Charlie Sheen on Today show
Charlie Sheen's announcement that he is HIV-positive caused huge numbers of people to research into public health on the diseaseAndrew Burton/Getty

The biggest number of HIV-related Google searches in the US occured on 17 November 2015 – the same day that actor Charlie Sheen publicly declared on TV that he is HIV-positive. The actor, most famously known for his role in CBS show Two And A Half Men, appeared on NBC's Today show to put paid to recent rumours and officially announce that he is living with HIV. Research, published in the JAMA Internal Medicine has shown that he may have unknowingly raised awareness of the disease to an all-time high.

On the same day of Sheen's announcement, the number of news stories mentioning the term 'HIV' had increased by 265% from the previous day. In addition, the researchers from San Diego State University in California say that Google searches featuring the term 'HIV' peaked at 2.75m more than the previous average in the US – the most amount of HIV-related Google searches ever recorded in a single day.

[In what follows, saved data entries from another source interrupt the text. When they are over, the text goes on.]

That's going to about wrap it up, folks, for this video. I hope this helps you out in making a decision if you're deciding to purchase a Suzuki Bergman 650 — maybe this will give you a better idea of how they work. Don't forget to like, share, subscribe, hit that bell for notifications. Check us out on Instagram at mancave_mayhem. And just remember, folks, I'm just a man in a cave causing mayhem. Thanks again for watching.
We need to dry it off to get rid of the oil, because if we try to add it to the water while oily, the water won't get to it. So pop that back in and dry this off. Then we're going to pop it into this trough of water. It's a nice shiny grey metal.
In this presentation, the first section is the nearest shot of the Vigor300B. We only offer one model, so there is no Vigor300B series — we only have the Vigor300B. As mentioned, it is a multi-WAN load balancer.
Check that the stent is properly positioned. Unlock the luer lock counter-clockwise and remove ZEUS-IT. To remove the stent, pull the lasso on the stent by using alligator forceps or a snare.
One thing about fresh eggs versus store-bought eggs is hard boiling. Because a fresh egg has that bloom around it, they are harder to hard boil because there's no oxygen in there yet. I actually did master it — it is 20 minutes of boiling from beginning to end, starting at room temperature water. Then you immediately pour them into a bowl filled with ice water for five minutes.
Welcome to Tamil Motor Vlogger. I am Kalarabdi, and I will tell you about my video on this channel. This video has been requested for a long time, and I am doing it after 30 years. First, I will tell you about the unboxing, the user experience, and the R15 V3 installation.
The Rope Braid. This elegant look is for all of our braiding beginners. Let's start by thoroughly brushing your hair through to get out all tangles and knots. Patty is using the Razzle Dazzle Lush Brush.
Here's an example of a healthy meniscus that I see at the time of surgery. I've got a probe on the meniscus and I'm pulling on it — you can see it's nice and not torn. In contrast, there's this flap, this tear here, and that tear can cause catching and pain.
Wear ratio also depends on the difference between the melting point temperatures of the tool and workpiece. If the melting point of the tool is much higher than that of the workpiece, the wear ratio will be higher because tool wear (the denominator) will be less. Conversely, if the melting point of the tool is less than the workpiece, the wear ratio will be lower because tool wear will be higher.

Nearly half of those Google searches were considered public health research, as they included the terms 'condoms', 'HIV symptoms' or 'HIV testing'. Researchers believe the interest surrounding HIV was positive for future prevention, as nearly one in eight HIV-positive US citizens are currently unaware of their condition.

"Charlie Sheen's disclosure was a potential earth-shaking event for HIV prevention in the United States," said John Ayres, lead author of the study. "While no one should be forced to reveal HIV status, Sheen's disclosure may benefit public health by helping many people learn more about HIV infection and prevention."

The researchers used Bloomberg Terminal and Google Trends to analyse references to the disease since 2004. Bloomberg Terminal analysed news reports featuring the term 'HIV', while Google Trends focused on the public's active searches.

The results showed that 6,500 more news stories featured 'HIV' compared with the average – with 97% also featuring 'Charlie Sheen'. That means an additional 200 stories were released on 17 November that did not feature Sheen – or the actor's real name, Carlos Irwin Estévez. In terms of public health awareness, condom-related Google searches – for example, 'where to buy condoms' – increased by 75% on 17 November. Searches for 'HIV testing' increased by 214%, and most impressively, searches for 'HIV symptoms' rose by 540%.

"Sheen's disclosure could be an important event to immediately raise public consciousness around HIV, and make public health messages about HIV that much more salient," said Seth Noar, co-author of the study and campaigner for HIV prevention.

Eric Leas, a fellow researcher working on the study added: "Celebrity disclosures are not new to HIV, with Rock Hudson and Magic Johnson serving as noteworthy examples. Yet Sheen's disclosure could be different." Leas added: "With Sheen – unlike with Magic Johnson, for instance – we have smartphones in our pockets that we can easily use to learn about HIV within seconds with a single search or click."

Sheen, 2010's highest-paid actor, revealed his condition in an interview with Today show host Matt Lauer. He said: "I'm here to admit that I am in fact HIV-positive." He added: "It's a hard three letters to absorb. It's a turning point in one's life."